Last and most practically, who will actually code? Will it be the physicians, or payrolled, office-expensed coders? If a physician's task is to document, why should I be tediously educated on the nuance of 150 different diabetic codes?
Physicians in Europe seem to get along well with ICD-10, but ICD-10 and their electronic medical records are not tethered to payers and payments, thus minimizing the burden. I fear that ICD-10 in the U.S. will evolve to another administrative cudgel wielded by the insurers and Medicare. If primary care leadership doesn't get out in front of proper implementation, and if ICD-10's track record does not inspire confidence, it will not be surprising to find primary care, again as usual, the most heavily burdened by it.

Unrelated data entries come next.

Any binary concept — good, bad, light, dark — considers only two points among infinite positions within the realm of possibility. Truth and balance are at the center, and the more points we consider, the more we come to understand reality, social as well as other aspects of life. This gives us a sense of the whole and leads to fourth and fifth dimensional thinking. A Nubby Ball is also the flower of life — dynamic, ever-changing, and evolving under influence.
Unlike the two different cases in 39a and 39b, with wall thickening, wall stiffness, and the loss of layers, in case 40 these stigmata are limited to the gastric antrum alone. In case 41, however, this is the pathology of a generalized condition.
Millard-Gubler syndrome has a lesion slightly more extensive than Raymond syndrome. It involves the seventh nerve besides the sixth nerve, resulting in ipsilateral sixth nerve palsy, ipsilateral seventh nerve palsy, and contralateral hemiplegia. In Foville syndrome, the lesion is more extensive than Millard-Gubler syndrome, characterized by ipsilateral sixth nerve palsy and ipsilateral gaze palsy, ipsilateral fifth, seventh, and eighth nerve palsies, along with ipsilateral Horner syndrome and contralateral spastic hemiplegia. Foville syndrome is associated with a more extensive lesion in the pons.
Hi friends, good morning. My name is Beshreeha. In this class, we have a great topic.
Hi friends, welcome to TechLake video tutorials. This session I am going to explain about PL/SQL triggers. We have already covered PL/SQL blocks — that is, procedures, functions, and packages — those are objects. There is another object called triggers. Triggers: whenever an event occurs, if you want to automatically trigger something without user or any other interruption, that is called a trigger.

Michael E. Miller, MD, ACP Member
Dr. Centor responds:
Dr. Miller challenges ACP leadership, referring to the time issue, to develop “a proactive, action-based strategy to address this critical patient care issue that is the core of what we do.” In fact, ACP is developing policy papers and lobbying strategies to address a variety of regulations that create significant administrative burdens. We have elevated this problem to a major priority both this year and for the coming year. We hear your complaints and both understand them and will do our best to act on them.
Editor's Note: Dr. Centor is the outgoing Chair of the Board of Regents. His term expires at the conclusion of Internal Medicine Meeting 2015 in May. His opinions do not necessarily reflect the positions of the American College of Physicians.

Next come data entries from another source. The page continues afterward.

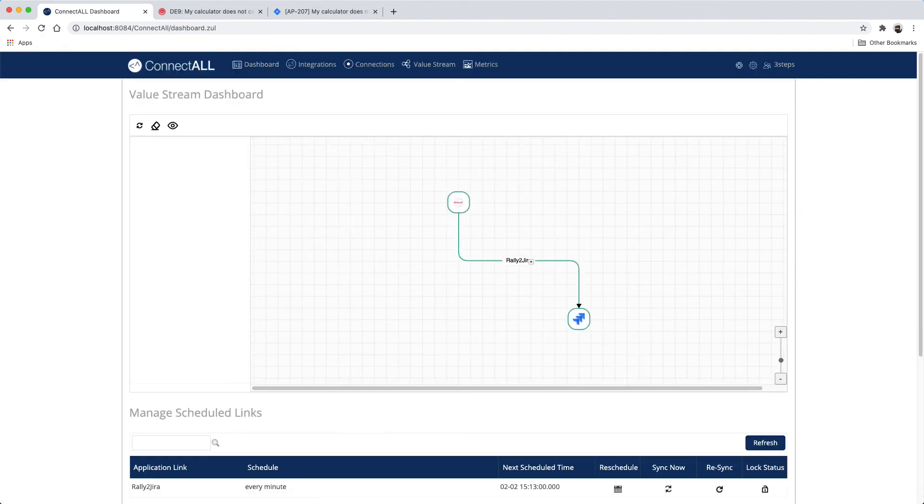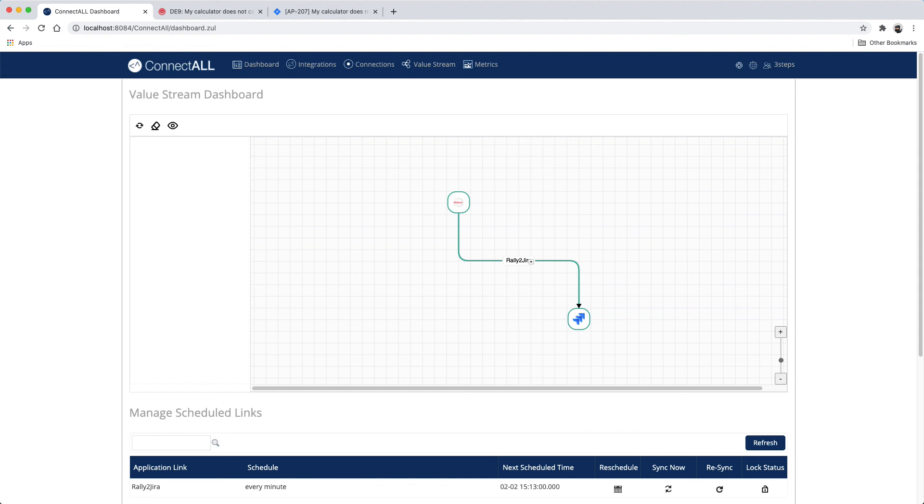Let's go back to the ConnectAll value stream dashboard, and we can see the new integration that we created between Rally software and Atlassian Jira on our value stream dashboard.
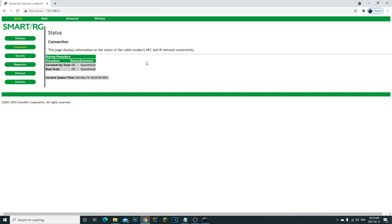You won't be automatically logged in — it'll ask for a username and password. Check under your router for the credentials. Most usernames are just 'admin' and the password will be on the router label. If you can't find it, call your provider and they'll give it to you.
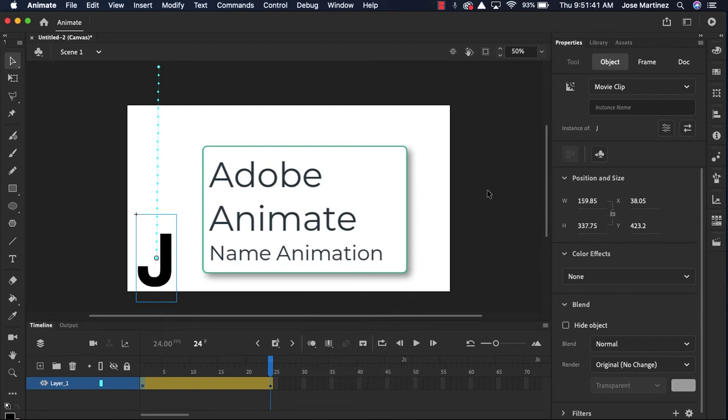Okay, well hi there! In this Adobe Animate tutorial I'm going to show you how to start adding more letters to a name animation.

Physician burnout and the Canadian experience
There has been a stream of articles describing the unhappiness of American physicians and the adverse practice environment, as described in “Students and residents are also burning out” in the January 2015 ACP Internist. Among other things, time-consuming electronic medical records (which are designed to dot the i's and cross the t's for medical billing and audits rather than for patient care) and productivity demands (including the expectation to order blood tests and imaging and generate referrals) contribute to the stress experienced by American physicians. Clinical evaluation, including taking a careful history and spending the time needed to talk to patients, has been pushed into the background. Instead, assembly-line medicine demands high turnover and additional investigations in an attempt to compensate for clinical deficiencies.
I have recently returned to Canada after practicing in the United States for almost 20 years and what a difference! I am once again obtaining fulfillment from the practice of medicine, and my colleagues in different specialties seem to be just as fulfilled. Among the factors that account for the difference:
1. Perhaps most important, most physicians here are self-employed and are therefore not responsible to hospital administrators for “productivity goals.”

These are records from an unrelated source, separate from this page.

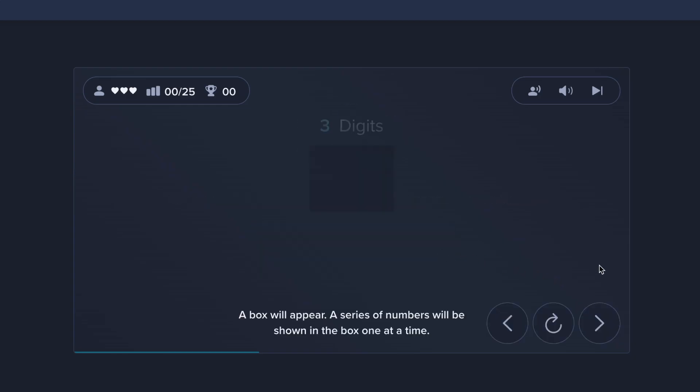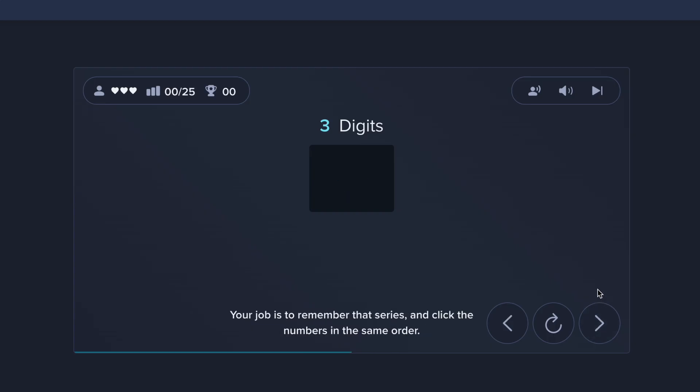A box will appear. A series of numbers will be shown in the box one at a time. Your job is to remember that series and click the numbers in the same order.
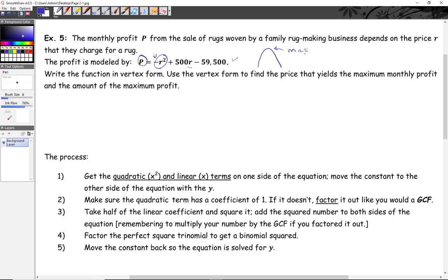The vertex is at a maximum, so the y-value at the vertex is the maximum profit, with a corresponding price point. Let's convert: p equals negative r squared plus 500r minus 59,500. Inputs and outputs are both money — price point and profit. The 59,500 won't complete the square for the middle term, so we move it over: p plus 59,500 equals negative r squared plus 500r.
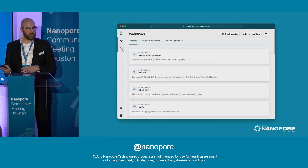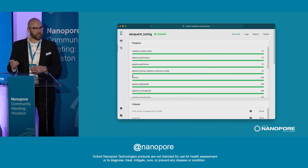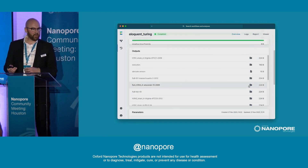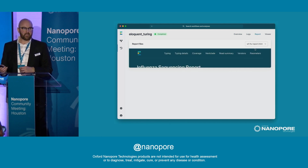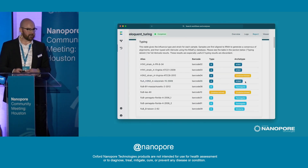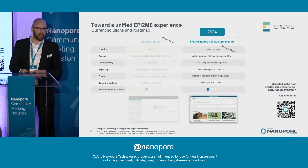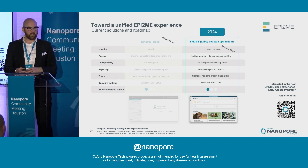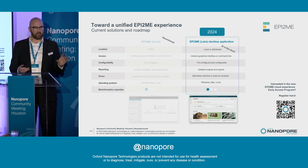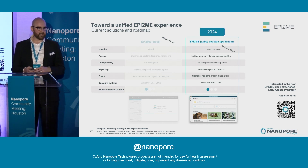I've pre-prepared some data from our flu workflow. This workflow completed successfully — here are the outputs available. You can see the sequencing report, which gives you the type of flu detected. We're working towards a unified Epitome experience, and by early 2024 we want Epitome Labs — which was the old name — to become Epitome. This is going to execute workflows in the cloud and locally on your devices.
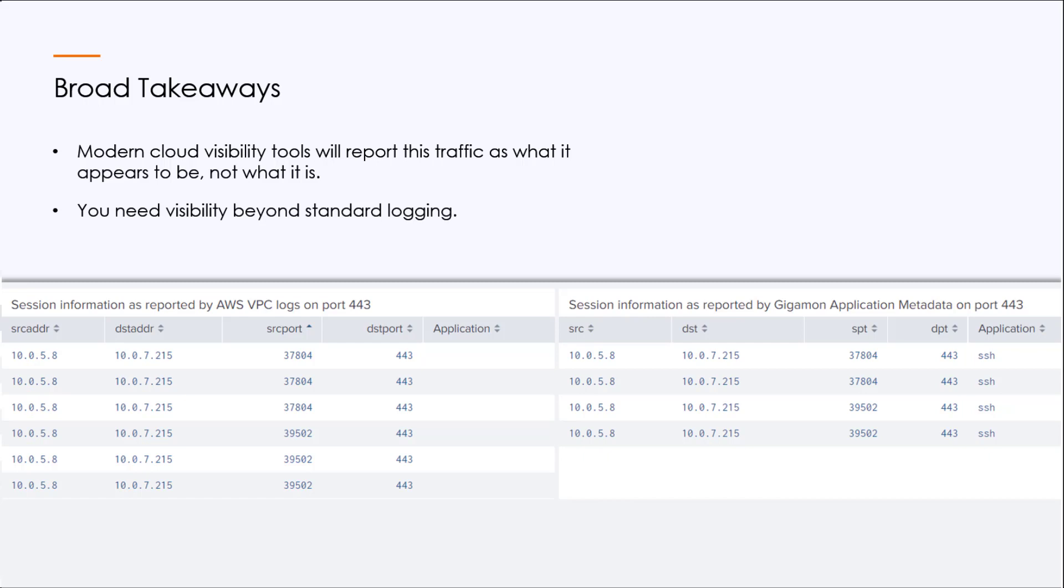And while this isn't specifically a security use case, as we saw with the MITRE sub-technique, many legitimate applications can be misconfigured or changed to evade detection.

2. Although there is a single payer in my province (Ontario), the fees allow for payment for time and complexity to some degree.
3. Electronic medical records are much more designed for clinical practice, rather than a defense against audits or lawsuits.
4. Sham peer review, the potential scourge of the employed physician, does not exist.
5. Maintenance of competence, for whatever it's worth, is more flexible and can be tailored to the specific clinical practice. Large extractions of income and time are not built in.
Altogether, I am once again deriving personal satisfaction by helping patients. Unfortunately, without a total reconstitution of the structure of medical practice in the United States, the prognosis does not look good south of the border.